Why Yahoo’s telecommuting ban is still bad for business

Last week, Yahoo CEO Marissa Mayer was interviewed at the Wired Business Conference on a range of topics, but the question on everyone’s mind (including interviewer Steven Levy) was her impossibly unpopular edict against telecommuting.

I surely don’t have to rehash what happened when Mayer enacted the New Law against working from home. It was eventually reported that she allegedly caught wind of it when she determined people weren’t logged into the company VPN for enough hours of the day to be “working.” The backlash has sparked a furious debate on the merits of WFH, and whether Mayer has it right or is simply another victim of CEO paranoia, convinced her employees are “ripping her off” by slacking when they should be grinding out work at their desks.

Last week Mayer attempted to clarify her position, arguing that it had been misinterpreted and that Yahoos can still work from home, provided it is at night or on the weekend. (Hey, thanks!) She then gave an example of how a new mobile app called Yahoo Weather (it tells you the weather) came to be. Yahoo’s newly collaborative environment, she said, made it possible for someone from the Weather team and someone from the Flickr team to encounter one another serendipitously on the Yahoo campus. And that’s the magic of how the app came to be.

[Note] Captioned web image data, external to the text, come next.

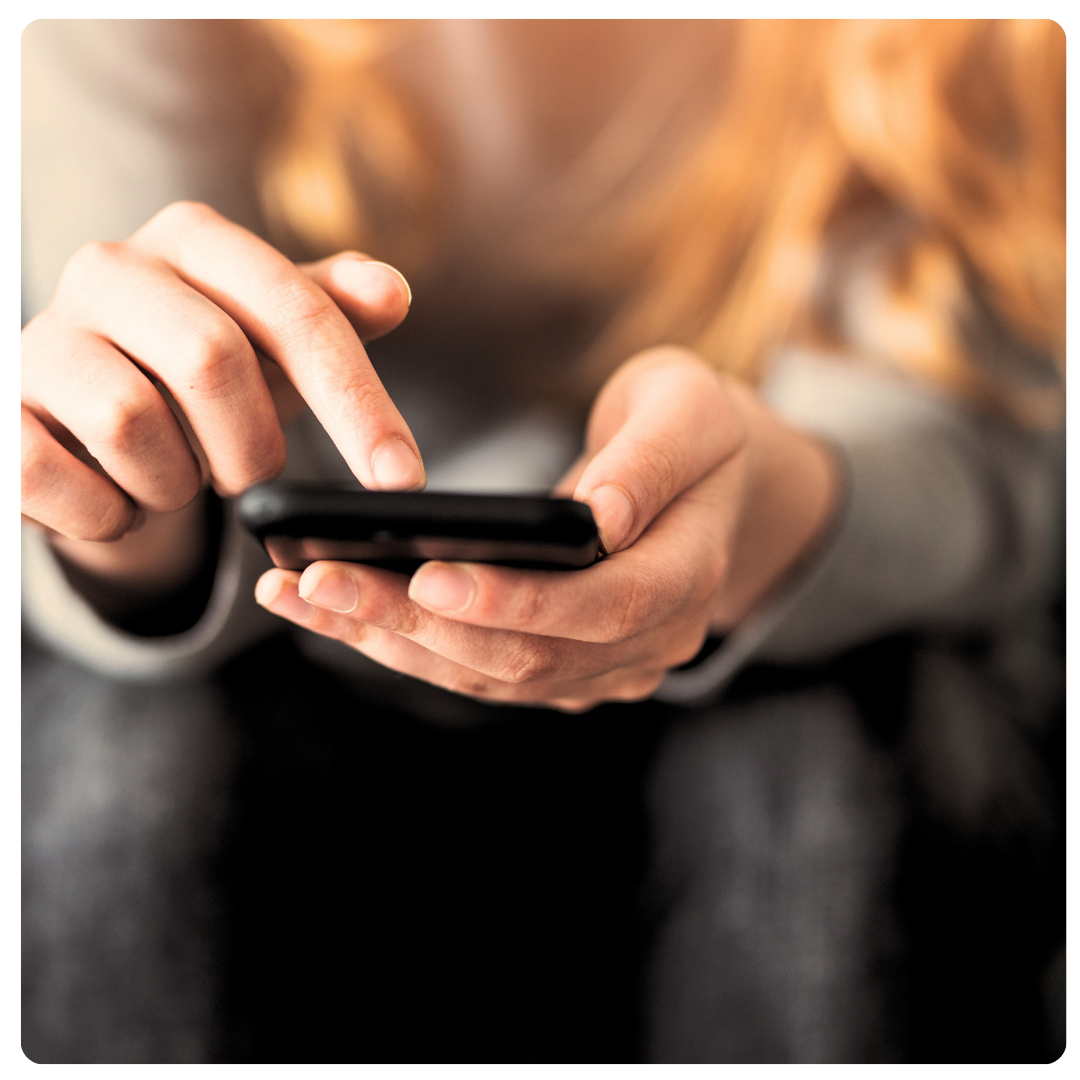 Woman holds mobile phone in hands while pressing screen.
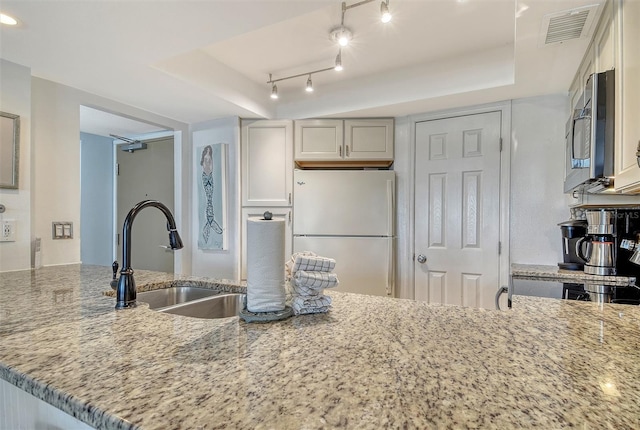5920 Midnight Pass Rd Unit 406, Sarasota, FL 34242 - kitchen with freestanding refrigerator, a sink, stainless steel microwave, light stone counters, and a tray ceiling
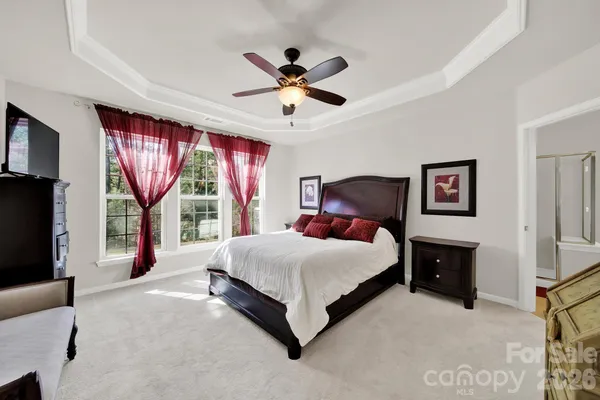 a bedroom with a large bed and a window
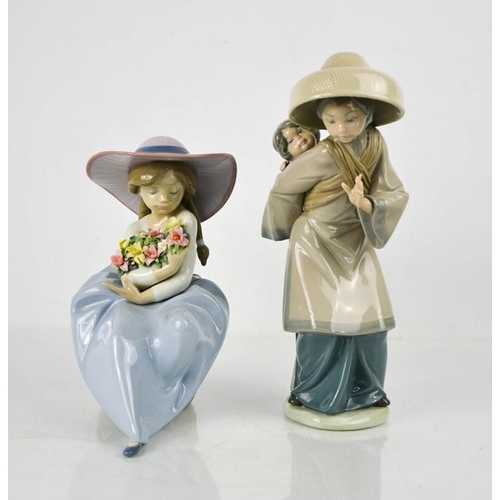 119 - Two Lladro figurines, one titled Fragrant Bouquet and signed Lladro to the base and dated 23.5.93, t... 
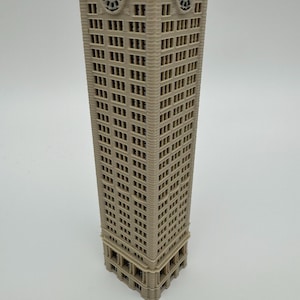 May include: A beige 3D printed model of a tall skyscraper with a rectangular base and numerous windows. The structure features a prominent clock face near the top on two visible sides, with black clock hands and numerals set against a light background.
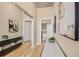 Hallway with mirrored closet, built-in shelves, contemporary decor and hardwood flooring at 777 N Ashley Dr # 1712, Tampa, FL 33602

But the most important thing Mayer said is that she isn’t particularly against telecommuting, just that it is “not right for us, right now.” She has a point. Telecommuting doesn’t work for 100 percent of companies 100 percent of the time, but the positioning is a little ironic given Mayer’s earlier decisions as CEO. As one of her first orders of business last year, she gave every employee a new smartphone. In her announcement to staff, she explained the generosity saying, “We’d like our employees to have devices similar to our users, so we can think and work as the majority of our users do.”